Bilateral trade and investment agreements are responsible for some of the world’s most serious environmental crimes. They encourage and protect large-scale mining projects, fossil fuel exploration and extraction, dam construction and infrastructure developments that wreak havoc on our environment. From Alaska to Australia, local communities are facing issues of deforestation, water pollution, fisheries collapse and climate disruption that can be traced to investment projects or development programmes that were financed, framed or supported thanks to a “free trade” agreement (FTA) or a bilateral investment treaty (BIT) negotiated between two or more governments.
FTAs commonly include chapters that guarantee access to fossil fuels such as oil and gas, and to raw materials such as wood and wood pulp.
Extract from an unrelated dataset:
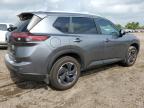 2024 Nissan Rogue Sv for Sale in Mercedes, TX - Water/Flood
For example, the energy chapter in the North American Free Trade Agreement (NAFTA), which applies to trade in energy goods between Canada, Mexico and the US, has facilitated trade in environmentally dangerous fossil fuels by obligating Canada to maintain a fixed share of energy goods exports, including oil and gas, to the United States. The proposed energy chapter in the Transatlantic Trade and Investment Partnership (TTIP) between the United States and the European Union, which would serve as a template for future trade deals, explicitly calls for the automatic export of oil and gas from the United States to the European Union. Similarly, under the Trans-Pacific Partnership (TPP) between the United States and 11 other Pacific Rim countries, the US Department of Energy would be required to automatically approve liquefied natural gas (LNG) exports to all countries in the pact including Japan, the world’s largest LNG importer. These kinds of rules expand markets for dirty energy and promote extractivist projects that directly cause climate change.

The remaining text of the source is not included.